(Records from a collection)
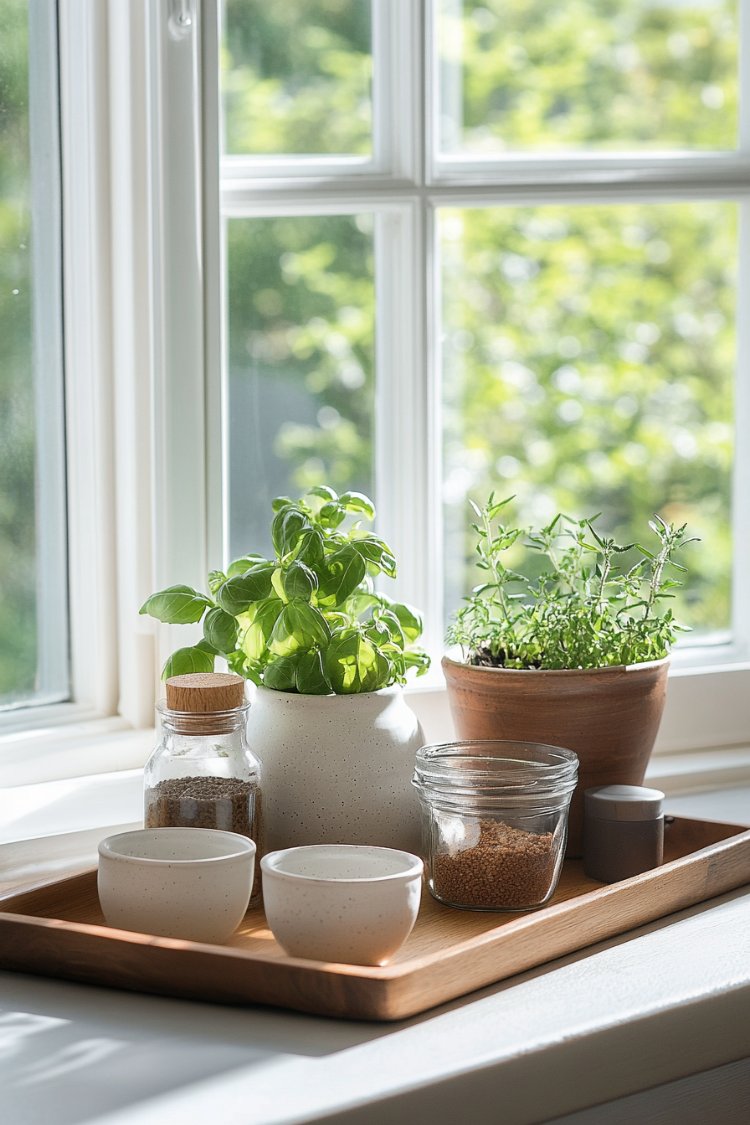 kitchen window sill decor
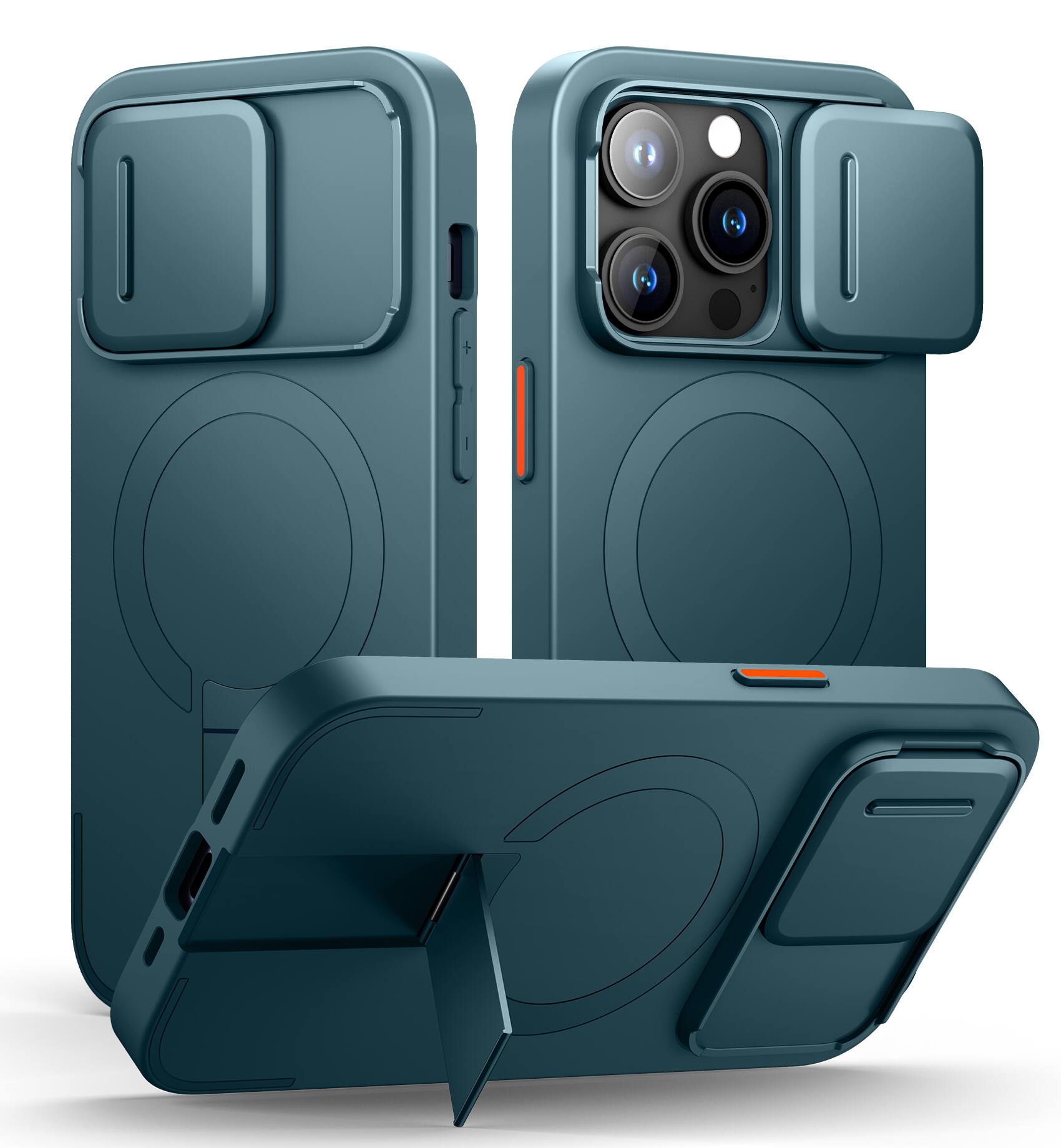 Angle. SURITCH - Bumper Case for iPhone 14 Pro with Camera Cover, Kickstand, Compatible with MagSafe, Shockproof Slim Protective Cover - Lake Green.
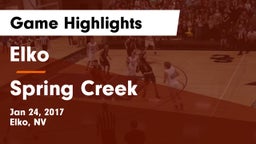 Elko  vs Spring Creek  Game Highlights - Jan 24, 2017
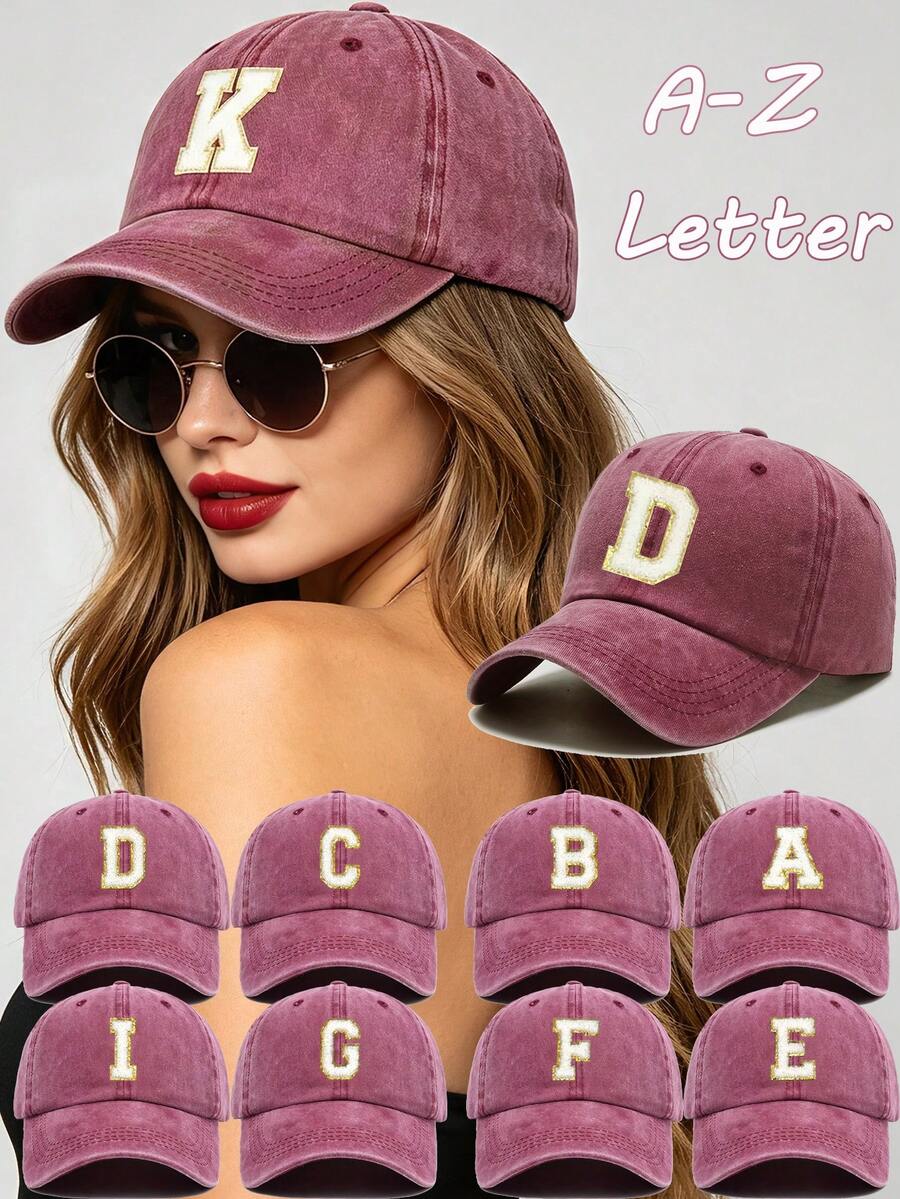 PC Neutral Baseball Cap A-Z 26 Letters Y2K Style Adjustable Vintage Hat Men Women Outdoor Travel Daily Street Sun Protection Cap Gift - Burgundy - View 1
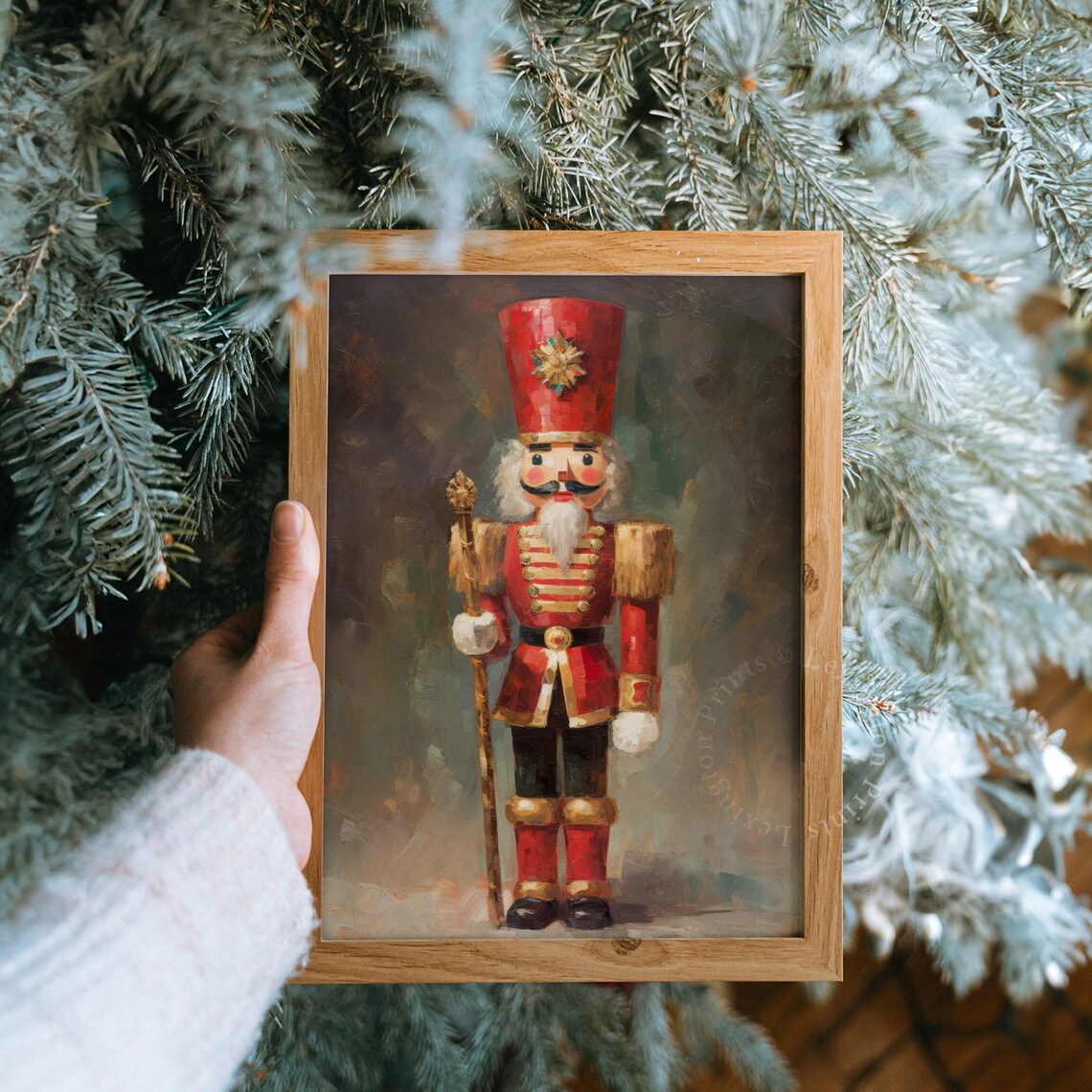 Red Nutcracker Soldier Vintage Christmas Holiday Painting Poster - Image 8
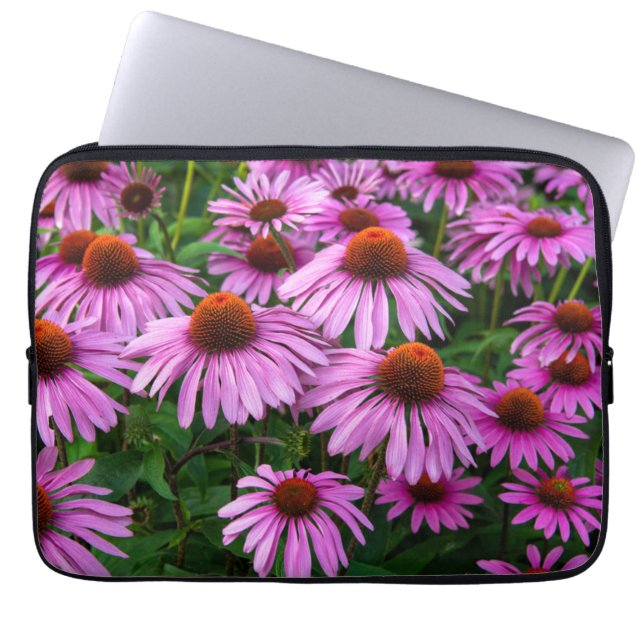 Blommor | Rosa Coneflower Garden Laptop Fodral (Framsidan)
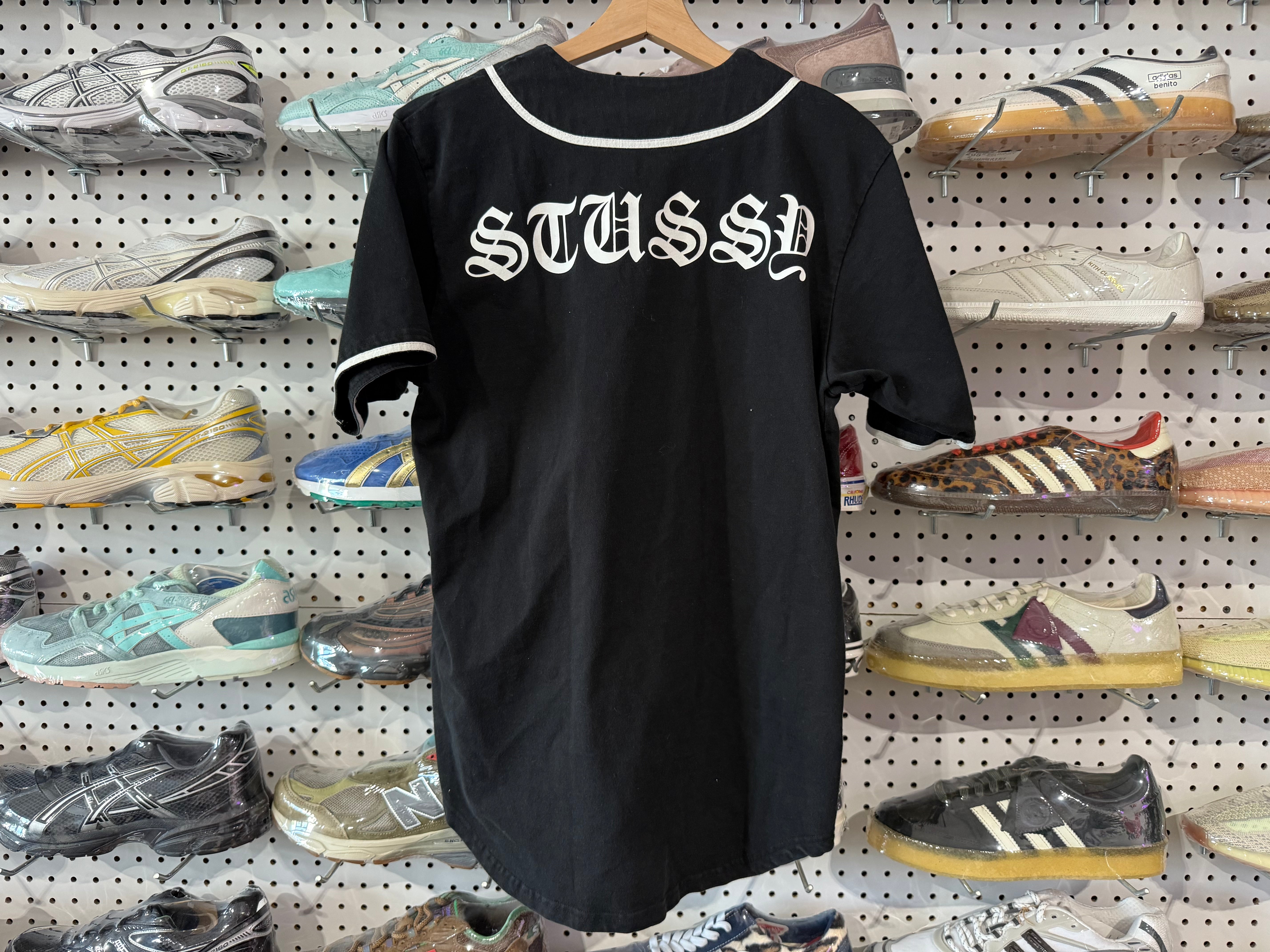 USED Stussy Baseball Jersey - Black Size Small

### WORK INSTRUCTIONS
Above are the records; copy every one of them exactly and omit the images.

### RESULT OF THE EXERCISE
 kitchen window sill decor
 Angle. SURITCH - Bumper Case for iPhone 14 Pro with Camera Cover, Kickstand, Compatible with MagSafe, Shockproof Slim Protective Cover - Lake Green.
 Elko  vs Spring Creek  Game Highlights - Jan 24, 2017
 PC Neutral Baseball Cap A-Z 26 Letters Y2K Style Adjustable Vintage Hat Men Women Outdoor Travel Daily Street Sun Protection Cap Gift - Burgundy - View 1
 Red Nutcracker Soldier Vintage Christmas Holiday Painting Poster - Image 8
 Blommor | Rosa Coneflower Garden Laptop Fodral (Framsidan)
 USED Stussy Baseball Jersey - Black Size Small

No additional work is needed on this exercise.